In November, INEGI’s Monthly Indicator of Gross Fixed Capital Formation showed that fixed investment intensified its annual decline (charts 1 and 2), falling from -5.5% to -6.4%, marking fifteen consecutive months in negative territory. In the breakdown, machinery and equipment deepened its contraction, dropping from -10.5% to -14.5% and accumulating eleven straight months of decreases, with broad-based declines within the category (-16.4% domestic and -13.1% imported). Construction returned to positive territory after showing a negative trend since August 2024, posting a 1.3% increase driven by residential construction (10.3%). Meanwhile, private investment fell by -4.9% and public investment by -14.6%. For the January–November period, total investment showed a -7.3% contraction. As long as domestic and external sources of uncertainty persist, the environment will continue to constrain a sustained recovery in investment.

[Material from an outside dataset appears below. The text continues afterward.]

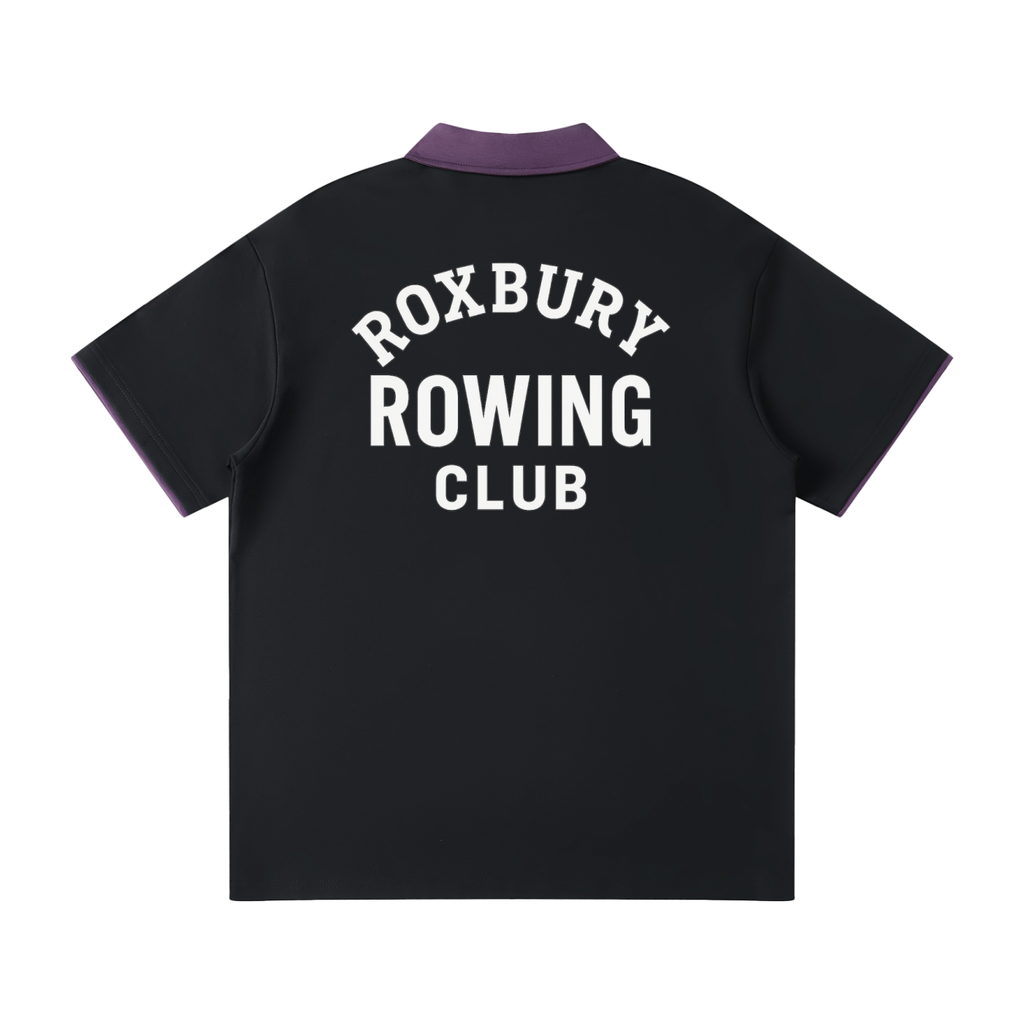 Roxbury Rowing Club Contrast Collar Raglan Polo Shirt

Weaker performance in goods—especially semi-durable and durable—drives the slowdown despite slight gains in services.
In November, private consumption moderated in real annual terms (chart 3), falling from 4.2% to 1.4%, driven by a slower pace in goods. Domestic goods contracted by -1.5%, with a sharper decline in semi-durable goods (-8.5%) and durable goods (-4.4%) compared to the previous month, along with stagnation in non-durable goods (0.4%). Imported goods also slowed, from 19.9% to 7.9%. Services saw a slight moderation as well, from 2.3% to 1.9%. As a result, cumulative consumption for the year shows an annual increase of just 0.6%. On a seasonally adjusted monthly basis, consumption fell -0.5%, due to a -2.9% drop in imported goods, while domestic goods and services posted small gains of 0.1%.